* **What you are asked to do**
Give an unaltered copy of the listing below, minus its pictures.

* **Collected data**
Start of Block
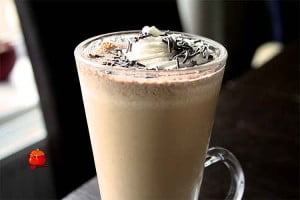 Orzechowa kawa frappe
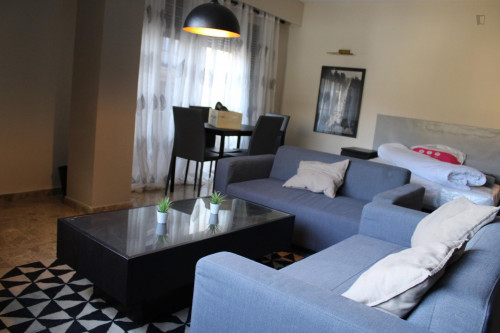 Double bedroom in a 5-bedroom apartment near Xàtiva metro station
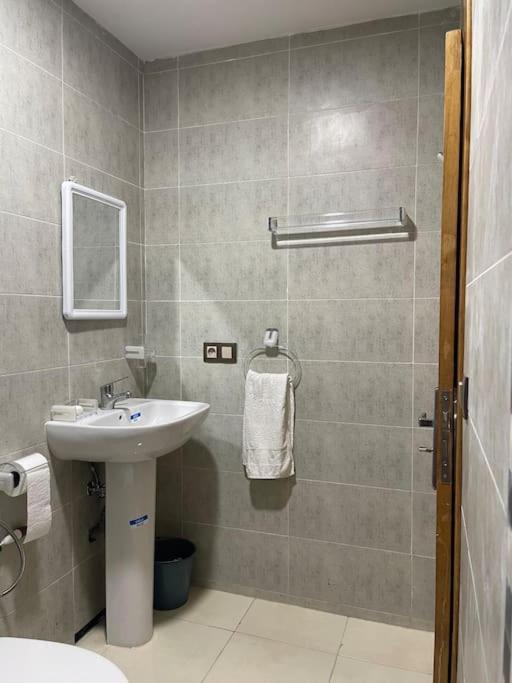 Appartement De Luxe A Rimal Martil 1 Min De La Plage Ngoại thất bức ảnh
End of Block
* **Task result**
 Orzechowa kawa frappe
 Double bedroom in a 5-bedroom apartment near Xàtiva metro station
 Appartement De Luxe A Rimal Martil 1 Min De La Plage Ngoại thất bức ảnh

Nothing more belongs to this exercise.